A propos de son dernier ouvrage « Apocalypse cognitive », des extraits d’interview du journal Le Point:
« Jamais dans l’Histoire l’être humain n’a bénéficié d’autant de temps disponible, soutient-il, ni n’a été soumis à une telle masse d’informations. Mais loin d’utiliser ces trésors pour élever l’humanité à un stade supérieur de connaissances, il en devient le jouet…
Instinct. Surinformé, plongé dans un océan planétaire de données, de croyances, de fake news, de démagogie et de mensonges, le cerveau humain est désormais l’enjeu d’une lutte d’influences visant à en capturer les tendances naturelles et à en exploiter les fragilités. Dans cette course permanente pour capter l’attention du public, médias, fournisseurs de contenus, publicitaires, idéologues, politiques même s’adressent à nos instincts plus qu’à notre raison, dévoilant certains éléments de notre nature profonde façonnés par des millénaires d’évolution : l’obsession du sexe – liée à l’instinct de reproduction –, le conflit – consubstantiel à la vie en groupe –, la peur – condition de la survie en milieu hostile… Ces mêmes instincts qui ont permis à l’homme du néolithique de développer des civilisations successives entraîneront-ils l’humanité, demain, sur une pente inverse ?

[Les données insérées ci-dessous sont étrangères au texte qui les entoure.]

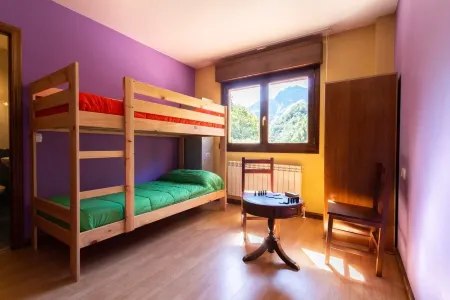Albergue Los Avellanos - Hostel Отели в г. Ла Вилья Баксу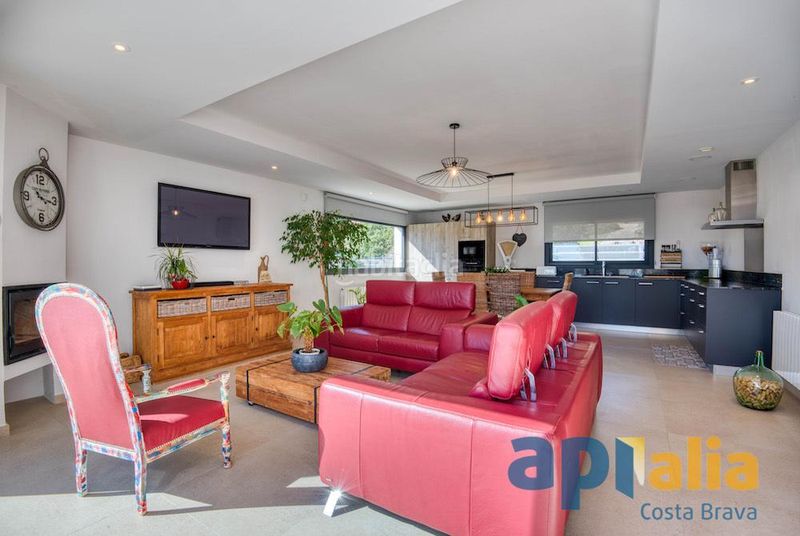 Foto 36de2acc-7697-4a02-95fc-f441f89cd657. Casa amb calefacció aparcament piscina a Urbanitzacions Platja d´Aro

Face à cette vertigineuse perspective, Gérald Bronner défend une approche basée sur la connaissance et le développement de l’esprit critique. Mais cette approche, prévient-il, a un préalable : la lucidité. Pour se libérer des innombrables manipulations qui le menacent, l’homme doit en premier lieu accepter de regarder en face sa propre nature, et se libérer des « mythes » découlant du déterminisme social dont s’inspire encore largement la sociologie contemporaine. Puisque les thèses actuelles ne permettent pas de comprendre ni de penser le réel, il convient d’en changer, en balayant les idéologies qui refusent cette « part sombre » de la nature humaine. En clair, Pierre Bourdieu et ses disciples se trompent, assène-t-il : si l’environnement social influence évidemment les individus, le pouvoir prêté à des entités collectives (« le capitalisme », « le système », « les dirigeants »…) échoue à rendre intelligibles les conséquences du chaos informationnel qui bouleverse nos sociétés. Au contraire : nos données numériques prouvent que nous sommes aussi naturellement dotés de dispositions cognitives qui déterminent nos comportements.